聽鬆崖上,晨霧未散。
淩霄冉抵達時,麵容古板嚴肅的錄事閣錄長老已帶著執法殿弟子在此等候。
“弟子淩霄冉,見過錄長老,師尊。”淩霄冉落地,不卑不亢地行禮。
“嗯。”錄事長老目光如電,在她身上掃過,又看向一旁明顯氣息萎靡的蘊靈古鬆,眉頭緊鎖。
“一遠稟報,你修煉損及神樹,可有此事?”
“絕無此事。”淩霄冉神色坦然,“弟子近日確常來此感悟劍意,但皆是引動自然鬆濤之韻。”
“與古鬆共鳴共修,旨在悟道,從未行那盜取靈氣、損毀根本之舉。倒是陸師兄……”
話剛至此,陸一遠和剛兩名錄事閣弟子也飛身到了。
淩霄冉目光轉向陸一遠,眼神陡然轉冷。
“如此急切定我之罪,甚至能精確說出古鬆靈氣‘流失近半’,而非普通損耗……”
“陸師兄莫非有未卜先知之能?還是說……你對此事早有預料,甚至——親身參與?”
“你血口噴人!”陸一遠臉色一變,急忙對錄事長老道。
“長老明鑒!此女巧言令色,分明是想反咬一口!人證物證俱在,古鬆現狀便是鐵證!”
“人證?”淩霄冉輕笑一聲,目光落在那兩名錄事閣弟子身上。
“兩位師弟,你們‘親眼所見’的靈光是‘被強行吸取’?可曾看清我施展了何種‘邪術’?”

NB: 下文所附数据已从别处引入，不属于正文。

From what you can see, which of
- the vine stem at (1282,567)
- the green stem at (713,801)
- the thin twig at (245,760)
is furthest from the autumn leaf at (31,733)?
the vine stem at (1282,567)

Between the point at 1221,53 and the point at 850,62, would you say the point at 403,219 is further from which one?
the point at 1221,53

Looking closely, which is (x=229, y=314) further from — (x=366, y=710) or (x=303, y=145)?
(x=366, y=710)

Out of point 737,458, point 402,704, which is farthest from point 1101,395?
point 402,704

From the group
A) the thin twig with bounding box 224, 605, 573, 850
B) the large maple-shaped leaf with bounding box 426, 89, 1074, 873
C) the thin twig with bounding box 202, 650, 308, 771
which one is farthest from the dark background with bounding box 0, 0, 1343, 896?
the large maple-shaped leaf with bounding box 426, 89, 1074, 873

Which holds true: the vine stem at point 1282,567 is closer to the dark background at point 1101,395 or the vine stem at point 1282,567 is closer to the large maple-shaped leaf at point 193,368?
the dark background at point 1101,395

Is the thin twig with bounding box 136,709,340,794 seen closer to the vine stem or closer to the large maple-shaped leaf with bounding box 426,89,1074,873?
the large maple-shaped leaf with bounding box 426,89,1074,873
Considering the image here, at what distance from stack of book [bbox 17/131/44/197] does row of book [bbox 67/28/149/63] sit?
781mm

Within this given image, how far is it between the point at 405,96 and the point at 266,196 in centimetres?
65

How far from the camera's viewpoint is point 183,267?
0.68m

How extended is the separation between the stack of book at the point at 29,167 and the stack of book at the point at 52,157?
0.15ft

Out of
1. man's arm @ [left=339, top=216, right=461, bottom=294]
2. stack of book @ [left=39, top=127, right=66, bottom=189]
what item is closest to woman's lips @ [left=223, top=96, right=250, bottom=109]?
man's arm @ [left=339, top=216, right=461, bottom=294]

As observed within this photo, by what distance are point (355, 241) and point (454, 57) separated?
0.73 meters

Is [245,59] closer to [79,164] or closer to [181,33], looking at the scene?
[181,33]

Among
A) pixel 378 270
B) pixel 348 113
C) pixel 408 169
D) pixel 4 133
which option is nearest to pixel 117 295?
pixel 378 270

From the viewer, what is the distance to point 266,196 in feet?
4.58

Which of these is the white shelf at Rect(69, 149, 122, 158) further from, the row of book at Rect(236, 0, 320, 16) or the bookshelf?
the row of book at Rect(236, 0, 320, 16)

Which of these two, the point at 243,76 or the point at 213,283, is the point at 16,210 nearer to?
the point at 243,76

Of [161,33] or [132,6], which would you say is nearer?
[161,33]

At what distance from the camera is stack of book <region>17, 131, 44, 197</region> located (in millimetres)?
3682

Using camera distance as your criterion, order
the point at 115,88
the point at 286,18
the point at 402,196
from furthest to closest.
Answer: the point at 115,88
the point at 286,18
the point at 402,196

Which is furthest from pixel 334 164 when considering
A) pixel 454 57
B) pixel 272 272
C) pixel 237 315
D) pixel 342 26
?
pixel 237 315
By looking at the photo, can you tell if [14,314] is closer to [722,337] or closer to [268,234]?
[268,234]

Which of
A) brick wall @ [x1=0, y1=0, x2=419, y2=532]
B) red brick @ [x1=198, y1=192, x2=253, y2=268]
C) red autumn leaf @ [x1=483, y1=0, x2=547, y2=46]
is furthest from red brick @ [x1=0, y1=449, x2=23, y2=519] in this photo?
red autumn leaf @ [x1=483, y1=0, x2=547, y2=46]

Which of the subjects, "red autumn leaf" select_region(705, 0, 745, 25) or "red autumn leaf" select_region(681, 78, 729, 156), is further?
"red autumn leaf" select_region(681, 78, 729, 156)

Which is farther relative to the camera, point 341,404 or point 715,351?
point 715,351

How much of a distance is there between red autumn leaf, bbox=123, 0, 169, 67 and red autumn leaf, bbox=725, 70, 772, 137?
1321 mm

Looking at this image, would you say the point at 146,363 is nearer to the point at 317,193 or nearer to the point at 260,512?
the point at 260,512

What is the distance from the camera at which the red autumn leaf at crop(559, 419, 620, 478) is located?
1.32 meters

她每問一句,便向前一步,無形的壓力讓那兩名弟子冷汗涔涔,支支吾吾答不上來。
他們本就是”被陸一遠威逼利誘,確實古樹有損記錄在簡,哪裡知道這些細節?
“我、我們……”兩人眼神慌亂,當著錄長老,隻得按實道出。
“並未親見,是陸師兄探查到古鬆靈氣消失一半。”
“夠了。”錄事長老沉聲打斷,他轉向古鬆,並指一點,一縷探查靈光沒入樹乾。
片刻後,他臉色一沉,猛地看向淩霄冉:
“古鬆靈氣核心處,殘留著一絲與《鬆濤劍意》和太虛劍道相似的劍意靈力!”
“淩霄冉,這你作何解釋?”
“障眼法而已!”淩霄冉聲音淡淡,忽然抬手,對著古鬆虛一引。
她並未動用靈力,而是悄然運轉了一絲識海深處融合了創世本源的微弱氣息——
太一真水訣的一絲真意。
此法訣玄奧無比,此刻僅僅流露出一絲氣息,竟與那株萎靡的古鬆產生了奇異的共鳴!
嗡…
古鬆無風自動,枝葉發出低沉的嗚咽。
樹乾表麵,竟然緩緩浮現出一層極其淡薄的、卻純淨無比的淡綠色光暈。
光暈過後,核心處隱隱顯現另一道陰冷劍意——
正是陸一遠修煉的寒冰斬的劍道!而整個宗門唯有他一人。
陸一遠如遭雷擊,臉色瞬間慘白如紙。
他沒想到淩霄冉能探查到真相,竟能分辨出那被他用本源神源處理過的劍氣殘留!
“不……不是我……是她!一定是她用了彆的手段……”陸一遠語無倫次,徹底慌了。
鐵證如山!
“冥頑不靈!”淩霄冉冷喝一聲,太虛劍倏然出鞘,“我說過,再敢造次,就不是斷手臂!”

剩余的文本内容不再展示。